■ **TASK ITEM**
Set the entries down once more, exactly as they are worded.

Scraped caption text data
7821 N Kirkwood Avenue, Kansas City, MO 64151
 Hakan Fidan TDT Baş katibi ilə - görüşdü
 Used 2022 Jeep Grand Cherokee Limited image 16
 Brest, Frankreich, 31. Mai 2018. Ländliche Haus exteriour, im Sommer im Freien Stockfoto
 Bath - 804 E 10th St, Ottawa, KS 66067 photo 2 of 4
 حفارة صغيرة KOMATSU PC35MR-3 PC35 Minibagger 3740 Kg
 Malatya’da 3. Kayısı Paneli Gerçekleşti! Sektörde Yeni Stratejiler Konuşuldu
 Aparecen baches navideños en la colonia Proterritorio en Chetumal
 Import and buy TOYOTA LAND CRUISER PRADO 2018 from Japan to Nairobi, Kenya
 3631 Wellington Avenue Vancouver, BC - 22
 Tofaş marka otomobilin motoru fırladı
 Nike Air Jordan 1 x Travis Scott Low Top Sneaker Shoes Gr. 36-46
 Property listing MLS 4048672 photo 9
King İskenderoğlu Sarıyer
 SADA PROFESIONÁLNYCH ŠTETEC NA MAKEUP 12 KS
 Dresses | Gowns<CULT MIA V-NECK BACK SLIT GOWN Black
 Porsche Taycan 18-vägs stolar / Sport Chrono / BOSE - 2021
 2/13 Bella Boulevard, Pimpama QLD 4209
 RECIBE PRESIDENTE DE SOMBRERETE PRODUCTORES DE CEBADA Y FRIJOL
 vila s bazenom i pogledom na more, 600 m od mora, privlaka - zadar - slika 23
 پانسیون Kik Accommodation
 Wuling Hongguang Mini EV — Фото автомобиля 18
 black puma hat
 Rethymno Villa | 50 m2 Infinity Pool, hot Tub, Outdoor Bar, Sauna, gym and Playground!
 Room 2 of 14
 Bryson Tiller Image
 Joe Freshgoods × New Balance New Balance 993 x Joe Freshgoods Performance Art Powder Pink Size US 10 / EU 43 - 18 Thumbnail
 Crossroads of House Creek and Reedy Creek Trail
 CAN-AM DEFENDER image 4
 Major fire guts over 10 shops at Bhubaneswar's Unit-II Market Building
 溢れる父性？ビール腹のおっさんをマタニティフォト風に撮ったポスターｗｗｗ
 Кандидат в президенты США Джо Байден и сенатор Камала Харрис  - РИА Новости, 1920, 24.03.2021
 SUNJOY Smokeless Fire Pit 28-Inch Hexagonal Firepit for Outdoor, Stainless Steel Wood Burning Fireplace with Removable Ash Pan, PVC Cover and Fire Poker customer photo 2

■ **ANSWER TO THIS PROBLEM**
7821 N Kirkwood Avenue, Kansas City, MO 64151
 Hakan Fidan TDT Baş katibi ilə - görüşdü
 Used 2022 Jeep Grand Cherokee Limited image 16
 Brest, Frankreich, 31. Mai 2018. Ländliche Haus exteriour, im Sommer im Freien Stockfoto
 Bath - 804 E 10th St, Ottawa, KS 66067 photo 2 of 4
 حفارة صغيرة KOMATSU PC35MR-3 PC35 Minibagger 3740 Kg
 Malatya’da 3. Kayısı Paneli Gerçekleşti! Sektörde Yeni Stratejiler Konuşuldu
 Aparecen baches navideños en la colonia Proterritorio en Chetumal
 Import and buy TOYOTA LAND CRUISER PRADO 2018 from Japan to Nairobi, Kenya
 3631 Wellington Avenue Vancouver, BC - 22
 Tofaş marka otomobilin motoru fırladı
 Nike Air Jordan 1 x Travis Scott Low Top Sneaker Shoes Gr. 36-46
 Property listing MLS 4048672 photo 9
King İskenderoğlu Sarıyer
 SADA PROFESIONÁLNYCH ŠTETEC NA MAKEUP 12 KS
 Dresses | Gowns<CULT MIA V-NECK BACK SLIT GOWN Black
 Porsche Taycan 18-vägs stolar / Sport Chrono / BOSE - 2021
 2/13 Bella Boulevard, Pimpama QLD 4209
 RECIBE PRESIDENTE DE SOMBRERETE PRODUCTORES DE CEBADA Y FRIJOL
 vila s bazenom i pogledom na more, 600 m od mora, privlaka - zadar - slika 23
 پانسیون Kik Accommodation
 Wuling Hongguang Mini EV — Фото автомобиля 18
 black puma hat
 Rethymno Villa | 50 m2 Infinity Pool, hot Tub, Outdoor Bar, Sauna, gym and Playground!
 Room 2 of 14
 Bryson Tiller Image
 Joe Freshgoods × New Balance New Balance 993 x Joe Freshgoods Performance Art Powder Pink Size US 10 / EU 43 - 18 Thumbnail
 Crossroads of House Creek and Reedy Creek Trail
 CAN-AM DEFENDER image 4
 Major fire guts over 10 shops at Bhubaneswar's Unit-II Market Building
 溢れる父性？ビール腹のおっさんをマタニティフォト風に撮ったポスターｗｗｗ
 Кандидат в президенты США Джо Байден и сенатор Камала Харрис  - РИА Новости, 1920, 24.03.2021
 SUNJOY Smokeless Fire Pit 28-Inch Hexagonal Firepit for Outdoor, Stainless Steel Wood Burning Fireplace with Removable Ash Pan, PVC Cover and Fire Poker customer photo 2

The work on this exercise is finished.